▶ _Work instructions_
Without the pictures, output all of the data exactly.
Data excerpt Start Marker
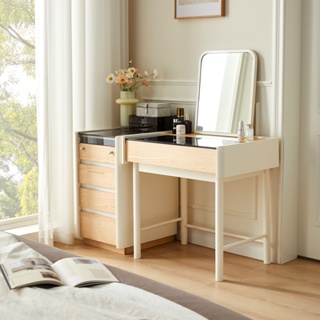 新品 低價 優惠純木優家實木化妝桌 梳妝臺斗櫃一體 小型臥室簡約現代小戶型高顏值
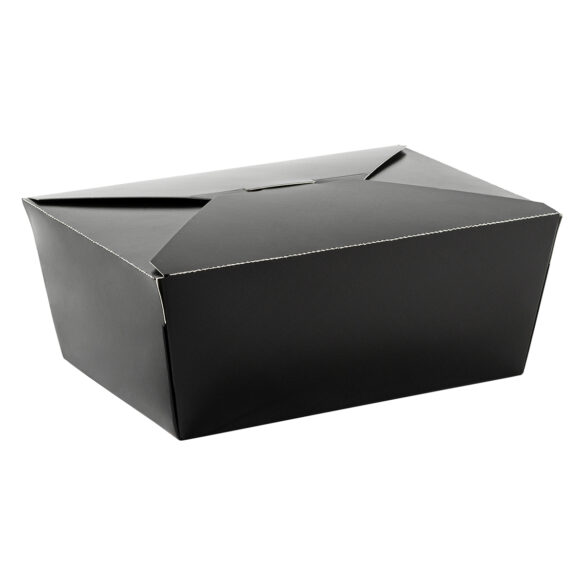 #4 BLACK FOLDED TAKE OUT BOX  7-3/4&quot; X 5-1/2&quot; X 3-1/2&quot;, 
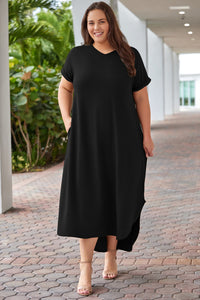 Thumbnail for Plus Size V-Neck Short Sleeve Maxi Dress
Data excerpt End Marker
▶ _Response for this exercise_
 新品 低價 優惠純木優家實木化妝桌 梳妝臺斗櫃一體 小型臥室簡約現代小戶型高顏值
 #4 BLACK FOLDED TAKE OUT BOX  7-3/4&quot; X 5-1/2&quot; X 3-1/2&quot;, 
 Thumbnail for Plus Size V-Neck Short Sleeve Maxi Dress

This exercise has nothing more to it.